## Assigned task
Take the lines from the one with "맛있닭 다이어트 도시락" through the last line of the material below and write them out exactly, without any pictures.
%%
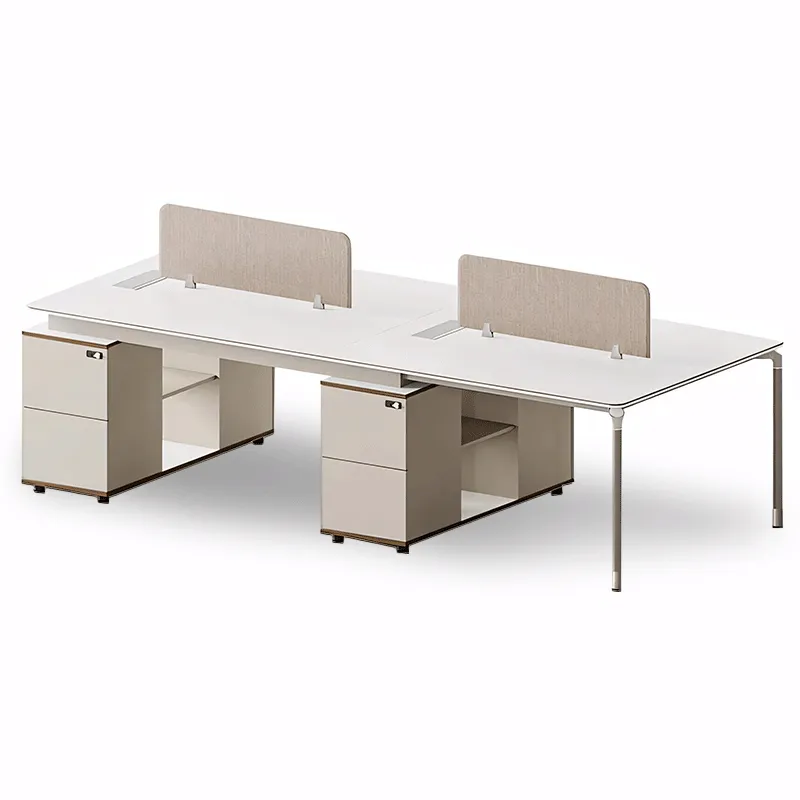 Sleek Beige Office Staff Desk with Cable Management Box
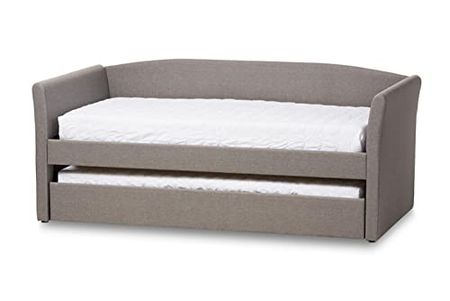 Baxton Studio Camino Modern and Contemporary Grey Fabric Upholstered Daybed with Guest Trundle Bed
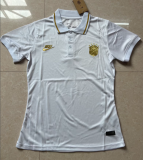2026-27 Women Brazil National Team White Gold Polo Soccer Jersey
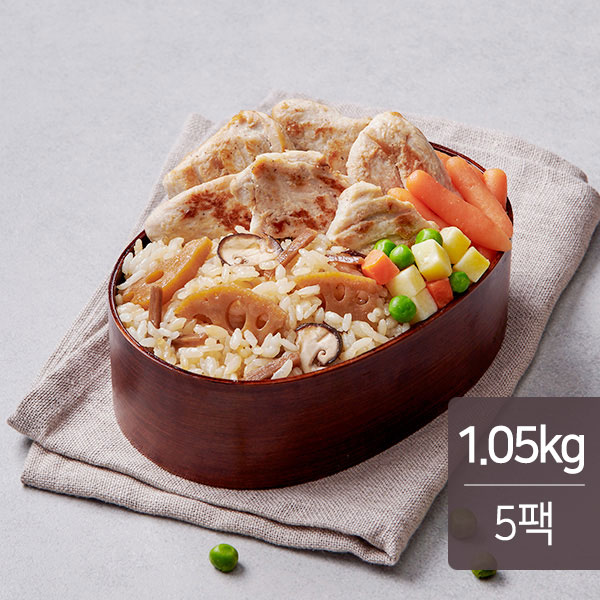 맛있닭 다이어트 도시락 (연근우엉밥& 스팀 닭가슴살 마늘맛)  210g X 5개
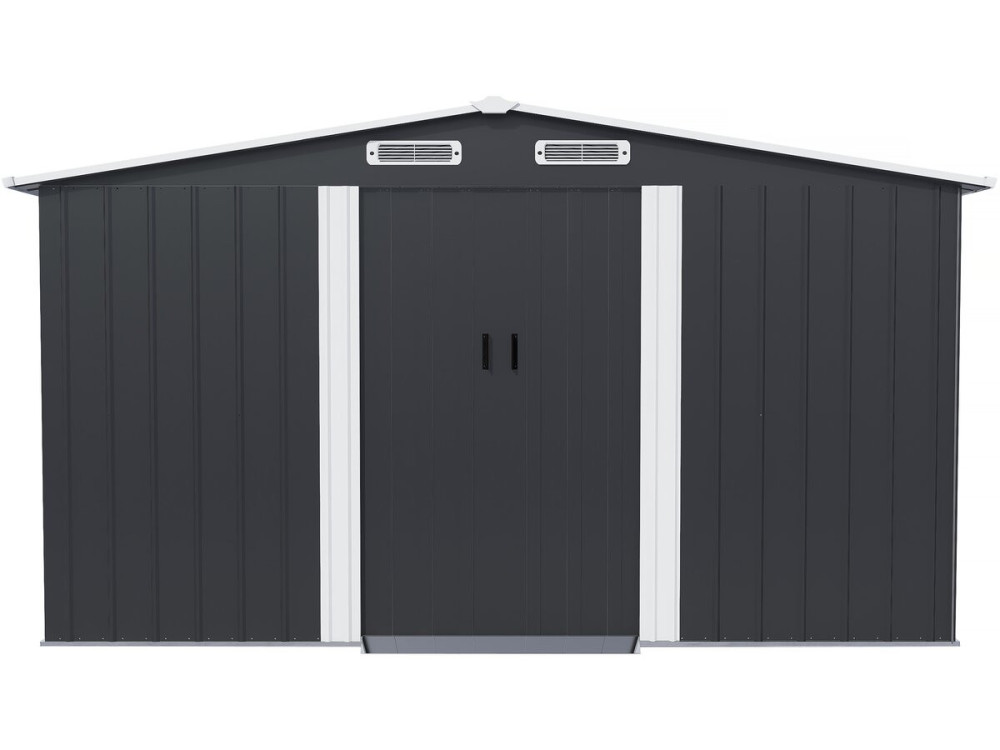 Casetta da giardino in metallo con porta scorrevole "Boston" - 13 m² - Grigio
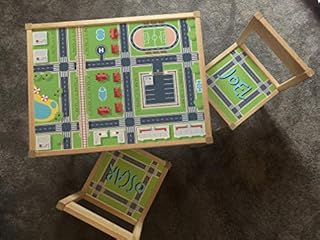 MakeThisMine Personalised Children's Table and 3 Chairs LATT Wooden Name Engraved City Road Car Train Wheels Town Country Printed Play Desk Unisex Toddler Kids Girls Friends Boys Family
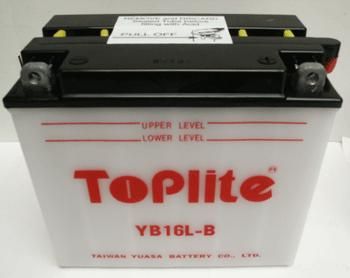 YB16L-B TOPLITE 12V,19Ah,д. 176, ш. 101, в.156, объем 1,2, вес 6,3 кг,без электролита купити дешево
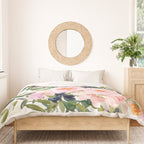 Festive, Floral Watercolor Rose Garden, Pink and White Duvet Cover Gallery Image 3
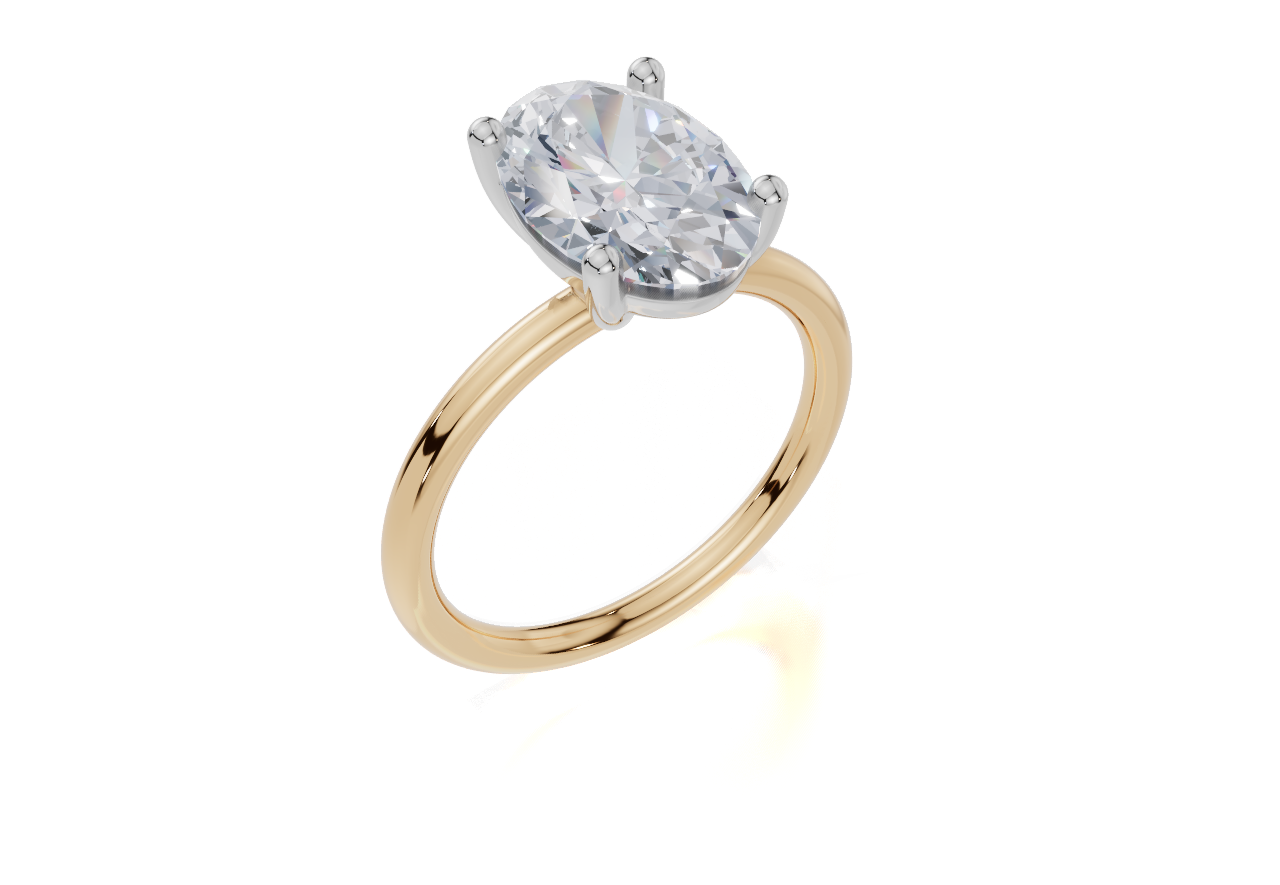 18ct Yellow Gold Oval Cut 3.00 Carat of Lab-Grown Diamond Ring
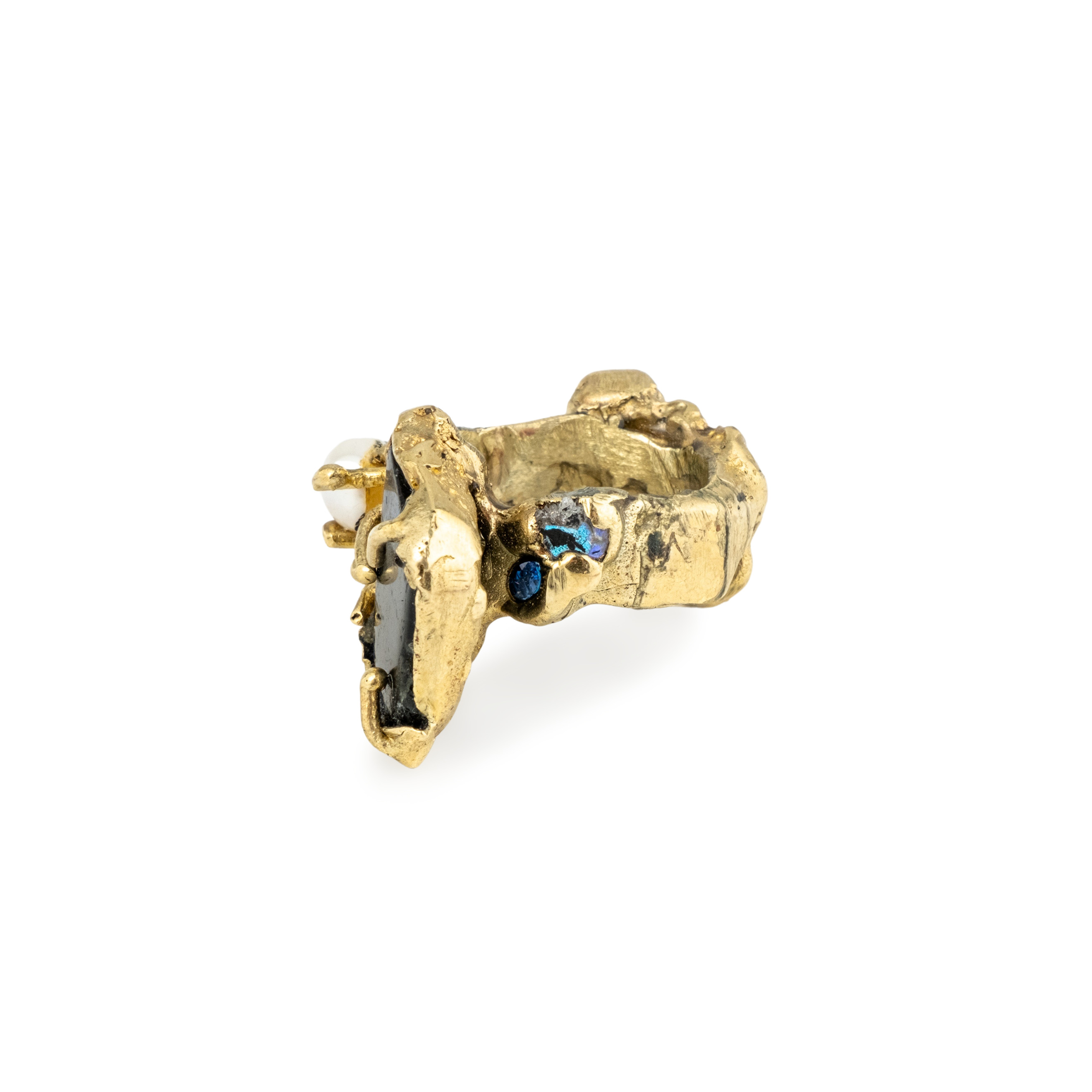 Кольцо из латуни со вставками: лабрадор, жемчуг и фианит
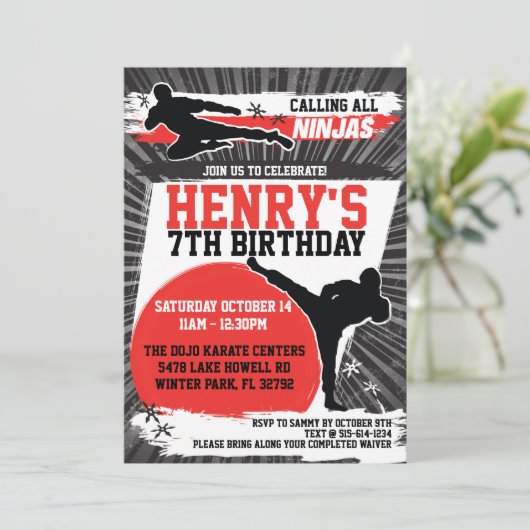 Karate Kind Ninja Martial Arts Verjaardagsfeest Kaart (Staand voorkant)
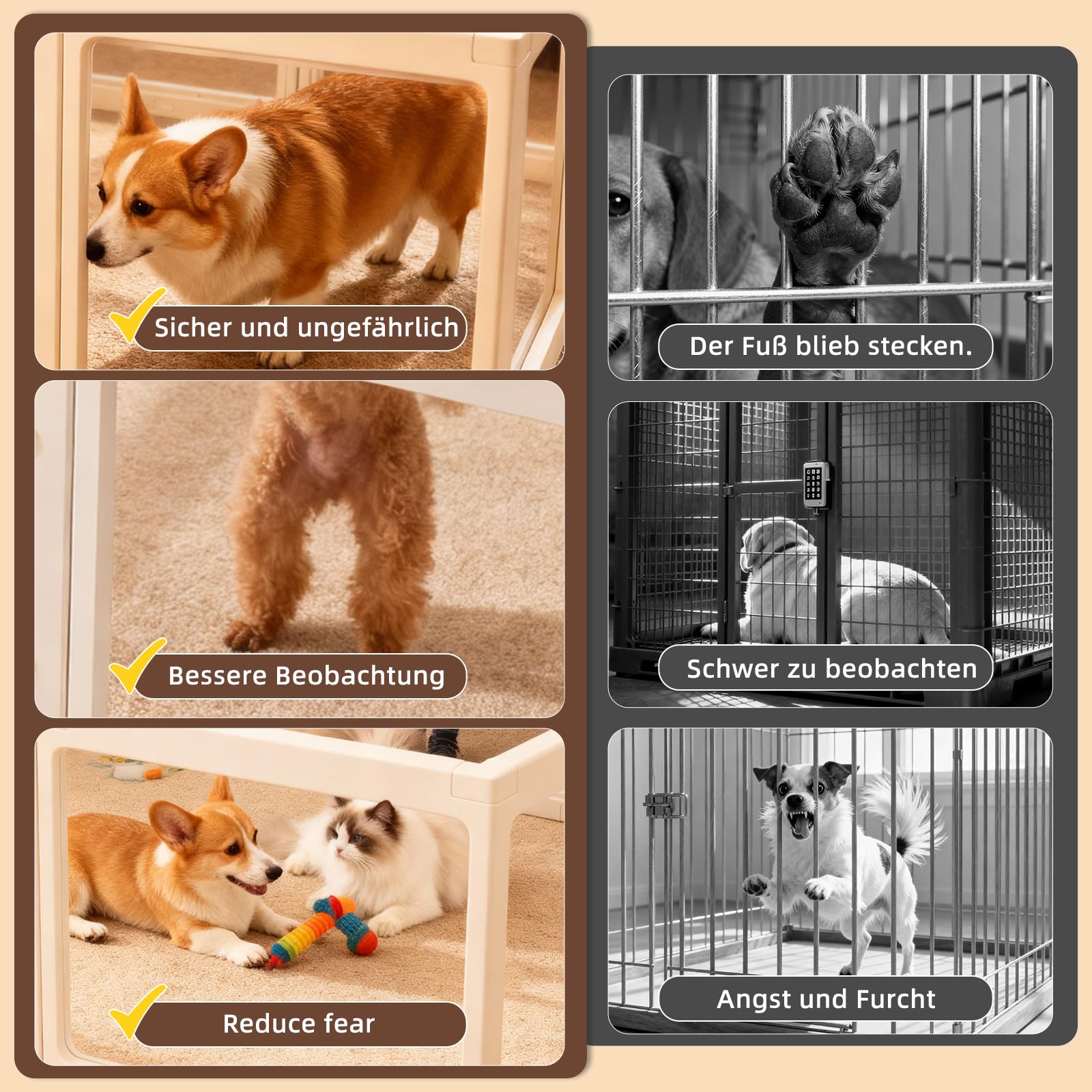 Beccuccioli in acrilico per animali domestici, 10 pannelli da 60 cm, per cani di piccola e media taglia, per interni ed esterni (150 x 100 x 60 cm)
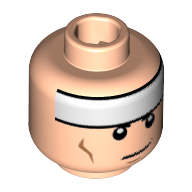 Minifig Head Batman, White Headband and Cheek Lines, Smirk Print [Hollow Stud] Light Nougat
%%
## Task answer
 맛있닭 다이어트 도시락 (연근우엉밥& 스팀 닭가슴살 마늘맛)  210g X 5개
 Casetta da giardino in metallo con porta scorrevole "Boston" - 13 m² - Grigio
 MakeThisMine Personalised Children's Table and 3 Chairs LATT Wooden Name Engraved City Road Car Train Wheels Town Country Printed Play Desk Unisex Toddler Kids Girls Friends Boys Family
 YB16L-B TOPLITE 12V,19Ah,д. 176, ш. 101, в.156, объем 1,2, вес 6,3 кг,без электролита купити дешево
 Festive, Floral Watercolor Rose Garden, Pink and White Duvet Cover Gallery Image 3
 18ct Yellow Gold Oval Cut 3.00 Carat of Lab-Grown Diamond Ring
 Кольцо из латуни со вставками: лабрадор, жемчуг и фианит
 Karate Kind Ninja Martial Arts Verjaardagsfeest Kaart (Staand voorkant)
 Beccuccioli in acrilico per animali domestici, 10 pannelli da 60 cm, per cani di piccola e media taglia, per interni ed esterni (150 x 100 x 60 cm)
 Minifig Head Batman, White Headband and Cheek Lines, Smirk Print [Hollow Stud] Light Nougat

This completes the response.